Saturday, September 24, 2011


This week's challenge was to explore Youtube. I've watched videos on Youtube before. I watched old music videos that I watched, danced, and sang to 'back in the day,' as my kids would say. I've also used Youtube to find instructional videos on many varieties of topics. In fact, I used Youtube to find out how to create my Voki or mini-me that resides on my blog.

The use of Youtube could come in handy in libraries, given proper permissions are obtained to record and share events that take place in the library for example. Maybe an author comes to the library to speak, and those who missed it could watch the video on Youtube. Or how about using it for tutorials on searching the catalog or requesting ILL materials.
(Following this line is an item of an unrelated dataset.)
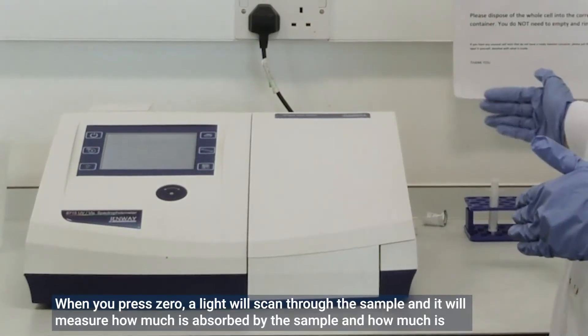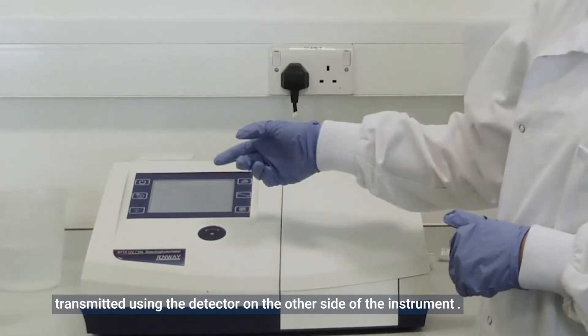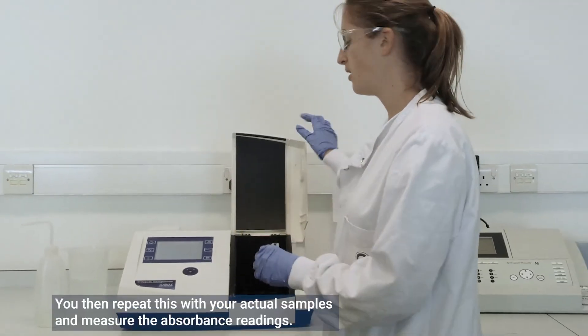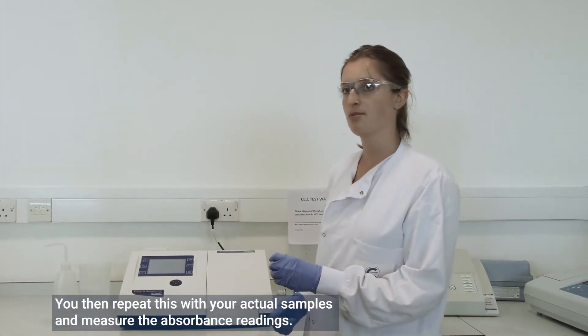When you press zero, a light will scan through the sample and it will measure how much is absorbed by the sample and how much is transmitted using the detector on the other side of the instrument. You then repeat this with your actual samples and measure the absorbance readings.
I saw some awesome ways that museums for example are making use of Youtube. One such museum would be the Smithsonian's Natural History Museum. They have their own Youtube channel, as do the other Smithsonian Museums. The video that I'll share below is about the, "Race: Are We So Different," exhibition.

The exhibition referred to in this video is made up of art work from elementary to high school aged students and will be on display at the Natural History Museum until January 2012. If you're in DC in the coming months, check it out. I visited the National Mall over the summer and visited the National Museum of American History. It in itself was huge, so we never made it to the Natural History Museum.

To find out more about the exhibition, visit there Web site:


  1. love your ideas for uses of youtube in the library. it's always struck me as one of the more wild-and-carefree elements of the web 2.0 universe, full of whimsy and a little danger and therefore more unsuitable to 'official' uses than social networking or podcasts; but a well maintained youtube account could be a very powerful tool for a library system, as you say. tutorials for the win!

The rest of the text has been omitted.